4. Play hard to get. "Treat this exactly like dating in high school," says Aflalo. "Don't respond right away [when they call or email you], don't respond to people who are beneath you, like associates. You're not available ... you're busy talking to so many other people. You think this is stupid, that they are smart people who control the wealth in this country? No, they are teenage boys that all say the same things, and as soon as one thinks a thing is 'hot' they all think it's 'hot.'" A don't-care attitude should extend to your dress, too. "The first meeting with an investor, I didn't dress professionally, I seemed very uninterested, I remember because I was out late the night before," Aflalo recalls. "It was the best one."

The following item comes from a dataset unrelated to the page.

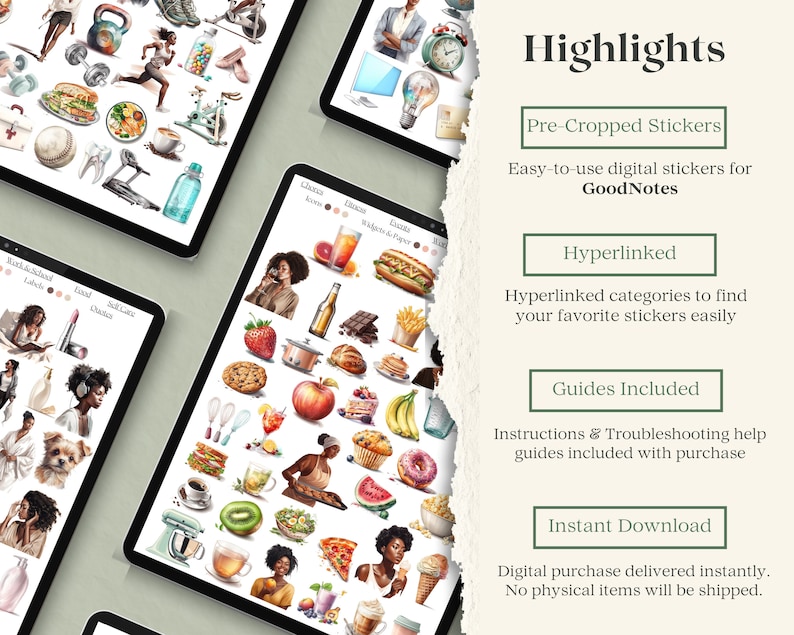 May include: A digital sticker pack for GoodNotes featuring pre-cropped, hyperlinked stickers. The stickers are organized into categories, such as food, drinks, and lifestyle. The pack includes instructions and troubleshooting guides. The stickers are available for instant download.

5. Don't accept money from someone whose vision doesn't align with yours. "At some times, any money seems better than no money," says Lake, recalling a time when Stitch Fix was "weeks away" from not being able to pay its employees. "The control that becomes involved … In tough scenarios, [investors] have control that could negatively affect you. They will always have a share in your company; it's hard to get them out."

6. Get someone with a business background to make your pitch deck. "They're going to understand how to create the charts [potential investors] need to see," says Aflalo. Someone with an MBA is a good start.

7. Keep your pitch short. 10 to 14 slides max, Aflalo and Coyne say.

8. Emphasize your strengths -- whether that's your sales figures or your ability to hire great talent. "Really early on, we recruited the COO of," says Lake. "[That] was the thing I knew I'd done really well."